Many empirical studies have been conducted on the subject of ‘Plastic Money’ in
India and abroad. The major emphasis of research has been on various issues like
frauds, security, usage pattern, new method of e-payment, etc. The previous work
done on plastic money needs perusal. It has been reviewed to indicate in a general
way the type of work done on this subject in India. It is expected that the critical
examination of the studies would give focus to our problem and help to indicate the
areas which have remained neglected at the hands of the researchers. From the
review of literature, it was found that hardly there was a study which examined the
perception of both users and traders on the usage of plastic money. Also, many
studies concentrated on individual cards, for instance, credit or debit card and
neglected the joint effect and new innovative cards like smart card, charge card and
check card. In this study, an attempt is made to include all types of cards in the
analysis.

Handelsman and Munson (1989), “Switching behaviours from credit card to cash
payment among ethnically diverse retail customers” shows that the credit card sales
constitute an important revenue source for many retailers. Their ever increasing use
and evaluation into other forms, such as debit and electron cards, demands that
retailers gain a more complete understanding of how they are used by diverse
consumer segments.
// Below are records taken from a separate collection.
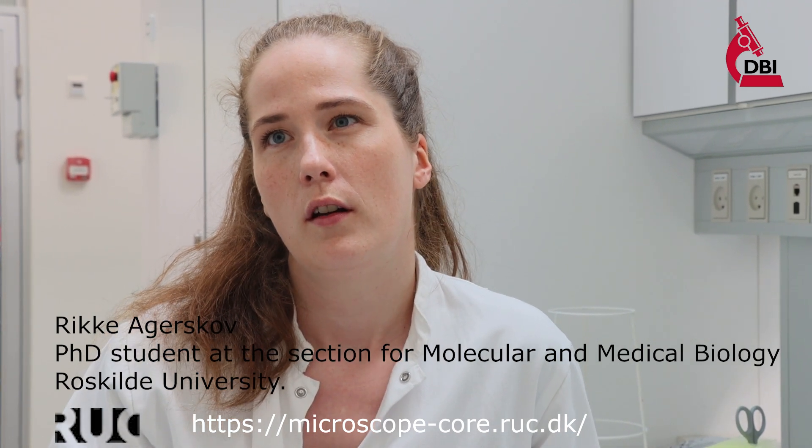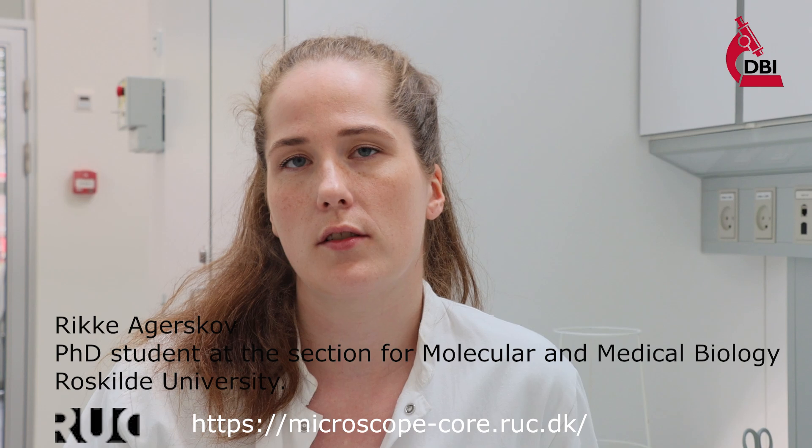My project is interdisciplinary and it focuses on investigating how innervation affects the development of the embryonic pancreas. I'm particularly interested in seeing how and if neurons affect the differentiation of the different endocrine cells, such as the beta cells.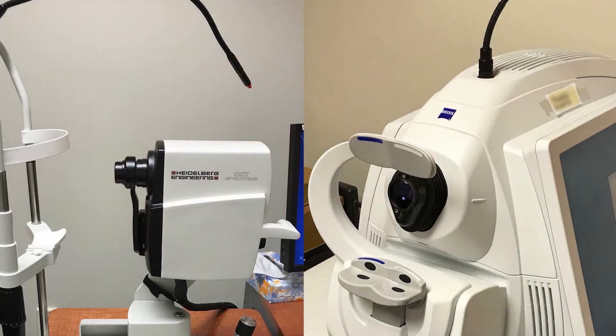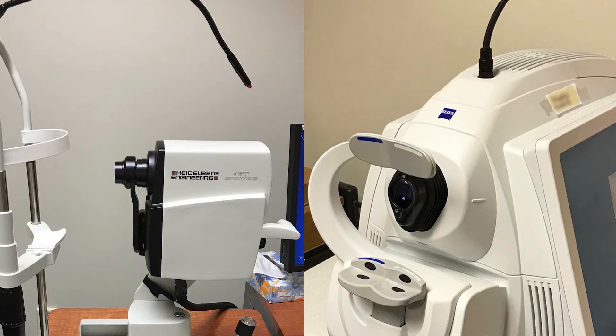Several new imaging methods can non-invasively and quickly detect retinal problems early in patients with diabetic retinopathy.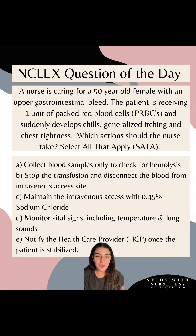Let's assess your knowledge on blood transfusion reactions. A nurse is caring for a 50-year-old female with an upper gastrointestinal bleed. The patient is receiving one unit of packed red blood cells and suddenly develops chills, generalized itching, and chest tightness. Which action should the nurse take? Select all that apply. Pause your screen, comment, and then restart so we can go over the rationale.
Particularly needed is a better understating of the propensity to
switch over from credit card to cash payment and the incentive required to initiate
switching. In view of the cost to the retailer of administering credit card payment
systems, the retailer’s overall profit position may be enhanced by converting a
larger proportion of credit card sales to cash sales. Four aspects of credit card usage
and switching ethnicities are investigated, propensity to switch over from credit
card to cash payment at various levels of monetary incentive, the effect of product
price on propensity to switch, the frequency of credit card usage, and the preferred
method of payment of credit card balances (installment versus full payment).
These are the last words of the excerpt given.